- _ABOUT THIS TASK_: Since the copy must match the original, write out each record word for word, skipping only the pictures.

- _DATASET_:
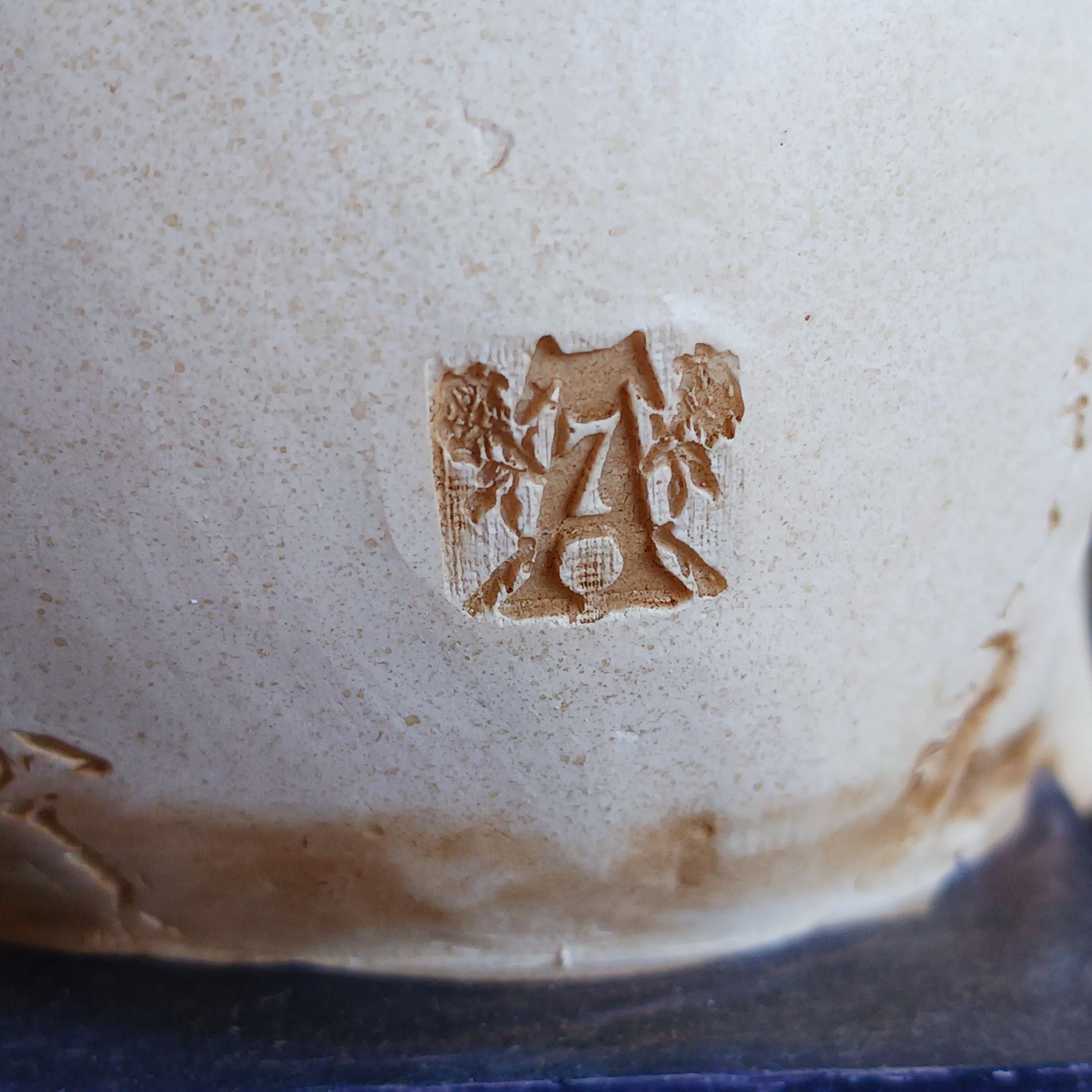This detailed decorative sculpture from Alchemy England features a hand-painted cast resin human skull resting atop a stack of books, crowned by a black raven—a powerful symbol of memory, loss, and the supernatural. The raven’s presence echoes Poe’s famous refrain, “Nevermore,” capturing the dark gothic atmosphere that has fascinated readers for generations.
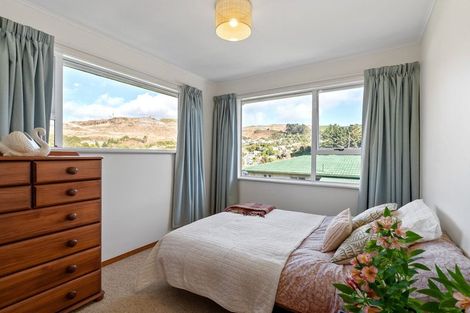 Photo of property in 11 Ryan Grove, Tawa, Wellington, 5028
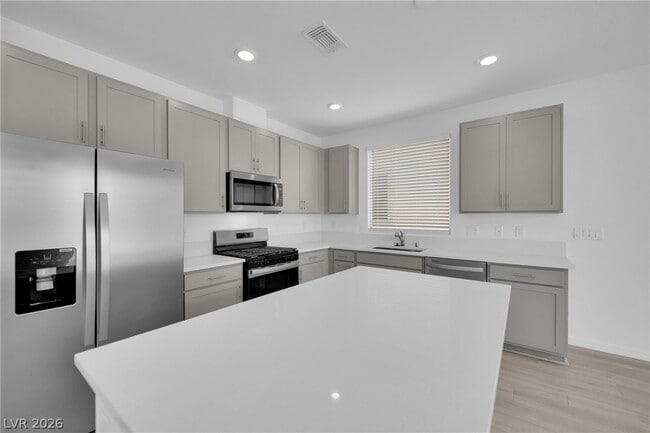 Building Photo - 5916 Obsidian Sky Ave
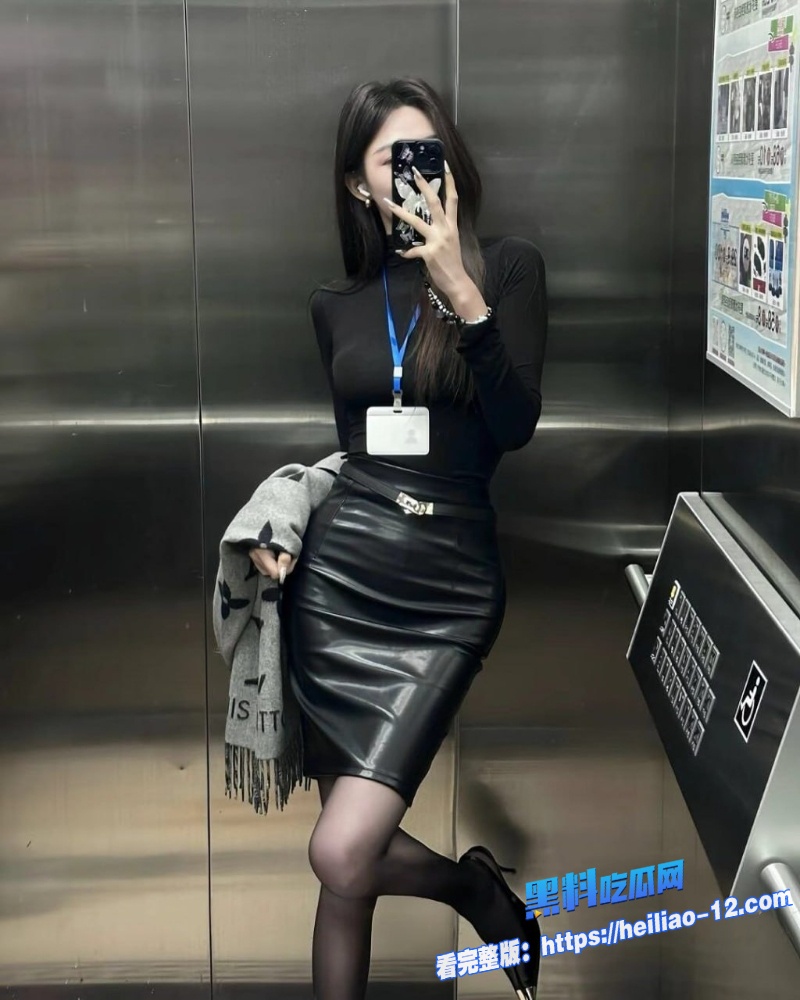 反差婊秘书最新收费私拍福利合集流出 1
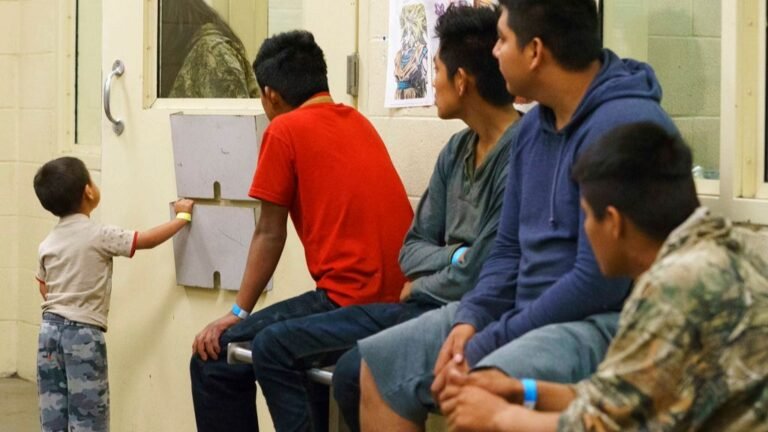 Trump OfRece Dine Oa Menores para su autodeportación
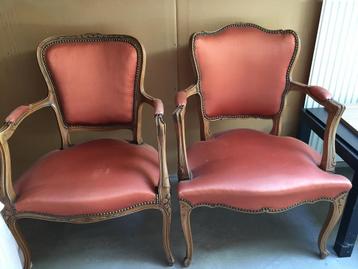 2 antieke zetels beschikbaar voor biedingen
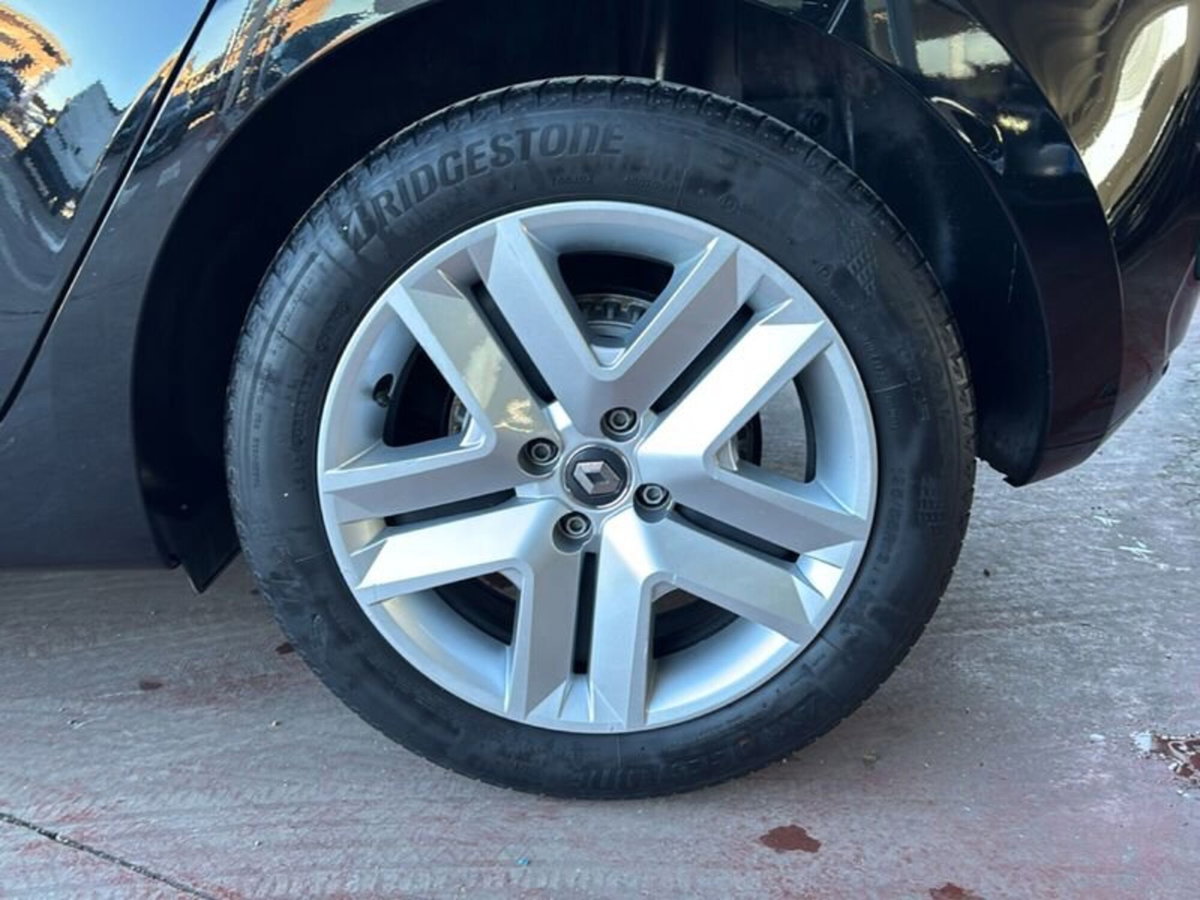 Renault Clio Blue dCi 100 CV 5 porte Business (10)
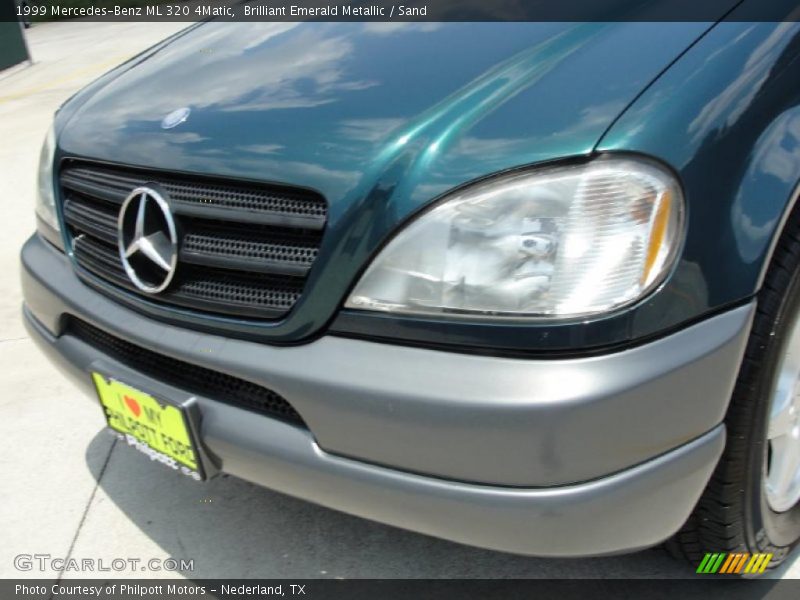 Brilliant Emerald Metallic / Sand 1999 Mercedes-Benz ML 320 4Matic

- _SOLUTION_:
This detailed decorative sculpture from Alchemy England features a hand-painted cast resin human skull resting atop a stack of books, crowned by a black raven—a powerful symbol of memory, loss, and the supernatural. The raven’s presence echoes Poe’s famous refrain, “Nevermore,” capturing the dark gothic atmosphere that has fascinated readers for generations.
 Photo of property in 11 Ryan Grove, Tawa, Wellington, 5028
 Building Photo - 5916 Obsidian Sky Ave
 反差婊秘书最新收费私拍福利合集流出 1
 Trump OfRece Dine Oa Menores para su autodeportación
 2 antieke zetels beschikbaar voor biedingen
 Renault Clio Blue dCi 100 CV 5 porte Business (10)
 Brilliant Emerald Metallic / Sand 1999 Mercedes-Benz ML 320 4Matic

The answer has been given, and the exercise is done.